A molti potrà sembrare capzioso farsi domande del genere e invece è importante per capire se i Marines abbiano commesso un crimine ai sensi del diritto internazionale (un’esecuzione in piena regola), oppure un terribile e grossolano errore di cui, comunque, dovranno rendere conto alla loro coscienza, avendo il Pentagono chiuso la vicenda e non accettando gli Usa di far giudicare i propri soldati da tribunali stranieri. Insomma, fu una carneficina premeditata? E aggiungiamo anche questa domanda: se un manipolo di guerrieri senza pietà avesse fatto piazza pulita degli abitanti della casa, chiamando l’aviazione a cancellare l’impronta del reato, perché i soldati avrebbero lasciato le loro vittime alla mercé dei fotografi presenti sul posto? Anche durante il Raid di Abbottabad, fatte le debite proporzioni, in giro c’erano donne e bambini, ci sono state delle vittime tra i familiari di Osama, il capo di Al Qaeda è stato ammazzato a sangue freddo, ma la dinamica dell’operazione, rispetto a Isqasa, ha i crismi della “ragionevolezza”, per quanto possa essere ragionevole la guerra al terrorismo, con i suoi scarti rispetto al diritto internazionale.

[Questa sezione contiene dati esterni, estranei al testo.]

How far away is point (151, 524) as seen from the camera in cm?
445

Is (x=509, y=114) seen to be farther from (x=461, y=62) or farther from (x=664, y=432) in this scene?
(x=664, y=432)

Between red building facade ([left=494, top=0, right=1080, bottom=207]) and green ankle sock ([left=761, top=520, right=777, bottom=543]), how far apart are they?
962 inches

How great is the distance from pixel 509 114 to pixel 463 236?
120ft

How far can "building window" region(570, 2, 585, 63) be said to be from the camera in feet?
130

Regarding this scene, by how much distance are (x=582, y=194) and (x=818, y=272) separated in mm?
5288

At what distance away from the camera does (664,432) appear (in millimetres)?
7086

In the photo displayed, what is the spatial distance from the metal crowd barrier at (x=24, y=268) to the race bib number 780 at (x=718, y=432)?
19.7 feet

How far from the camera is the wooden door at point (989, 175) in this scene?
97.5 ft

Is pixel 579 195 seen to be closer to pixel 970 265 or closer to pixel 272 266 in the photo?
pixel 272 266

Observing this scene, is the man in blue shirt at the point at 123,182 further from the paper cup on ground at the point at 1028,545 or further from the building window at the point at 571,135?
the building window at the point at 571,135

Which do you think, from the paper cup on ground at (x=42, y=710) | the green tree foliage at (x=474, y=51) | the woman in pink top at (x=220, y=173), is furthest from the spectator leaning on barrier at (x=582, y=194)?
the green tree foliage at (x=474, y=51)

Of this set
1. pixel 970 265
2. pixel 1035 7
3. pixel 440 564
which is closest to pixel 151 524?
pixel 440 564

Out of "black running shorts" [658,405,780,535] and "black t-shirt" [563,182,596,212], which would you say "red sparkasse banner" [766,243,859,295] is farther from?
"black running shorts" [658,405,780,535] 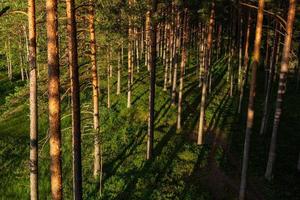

Nella versione offerta dai testimoni iracheni, ripresa da Alston e diffusa da WikiLeaks, la stessa che fa gridare allo scandalo il Guardian o Reporter senza frontiere, i Marines sembrano diavoli scatenati che distruggono tutto quello che incontrano sul loro cammino, come e forse peggio di Saddam Hussein. Nella versione del Pentagono, tutto viene ridimensionato con un lessico che genera comunque delle inquietudini in chi non porta una divisa. Sembra quindi difficile trovare il giusto punto di osservazione per interpretare i fatti. La soluzione di WikiLeaks, che funziona come tutti gli altri strumenti “neutrali” della Rete, è semplice: offrire una storia unidimensionale. Dove i “buoni” in realtà sono i cattivi. Resta la foto dei bambini uccisi dai Marines, lo sdegno per delle morti innocenti, ma anche l’incertezza su come andarono davvero i fatti nella fattoria del contadino iracheno. Ogni dubbio, una versione. Non può essere solo quella di WikiLeaks quella giusta. La “verità” non sta solo nelle tasche di Assange.